Su contestación, luego menospreciada hasta por él mismo, fue la de un niño temeroso, con la cabeza gacha, frente a la sorpresa que le provocaba haber recibido semejante mensaje del presidente. Lavando sus culpas, relegándolas a los medios, prometiendo no volver a aparecer en ninguno de ellos, Feinmann esbozó un encubierto pedido de disculpas frente a la fortaleza y la autenticidad del “dueño de la batuta” en ese entonces.
Le buscó “la quinta pata al gato”, tratando de salvarse, de remediar su error, de demostrar que en realidad toda la crítica a Kirchner no era una crítica en sí, sino una estrategia para poder convencer a todos de la fe que le tenía a su gobierno. Halagos, concesiones, adulaciones, se aglomeraron en una carta que sólo daba la razón al presidente, al tiempo que la figura de Feinmann se hacía cada vez más pequeña: “Me conmovió que me dijeras que tengo ‘miedo’. Qué sé yo, puede ser.” Soltaba el pensador en un pasaje de su respuesta.
Y al igual que su gobernante, se despidió asumiendo compromisos… Compromisos para con él: “Y sé que vas a meterte con todo en la distribución y en la lucha contra el hambre. ‘Con todo’ significa más allá de lo tolerable para los poderosos. Ese día la derecha va a apretar tanto que lo de ahora va a parecer cosa de niños. Yo te aseguro que en esa encrucijada (…) voy a estar claramente a tu lado.”

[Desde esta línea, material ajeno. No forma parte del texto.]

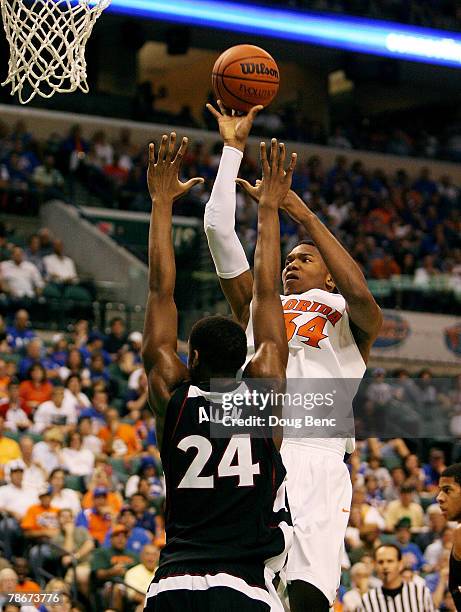 Marreese Speights of the Florida Gators scores over Lavoy Allen of the Temple Owls in the Orange Bowl Basketball Classic at Bank Atlantic Center...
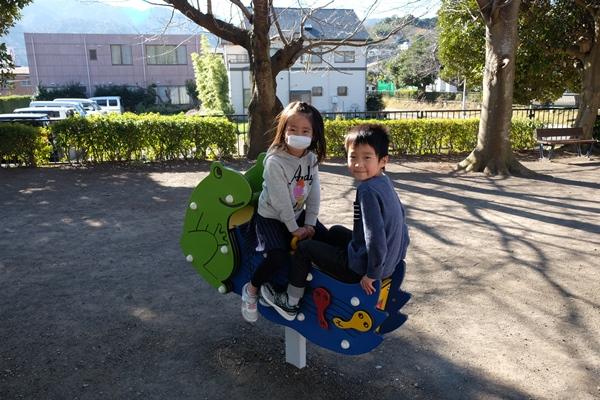 2人乗りムービング遊具に座る女の子と男の子の写真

Así, en una demostración de las vicisitudes por las que atravesó su relación con Néstor, el autor de “El Flaco” atraviesa diferentes estadios de aquella amistad, y concluye un brillante capítulo ilustrando con palabras la escena final: la última vez que se vieron. La figura de Kirchner encuentra en este libro un enaltecimiento que no está dado por un realce de sus virtudes, sino por un reflejo de quien verdaderamente era. Empezando por el título, que lo menciona y lo muestra con su apodo más coloquial, y siguiendo por cada uno de los diálogos que acompañan el relato, la sencillez, la frescura intelectual y la calidez humana llegan de la mano de un flaco que, además, fue presidente.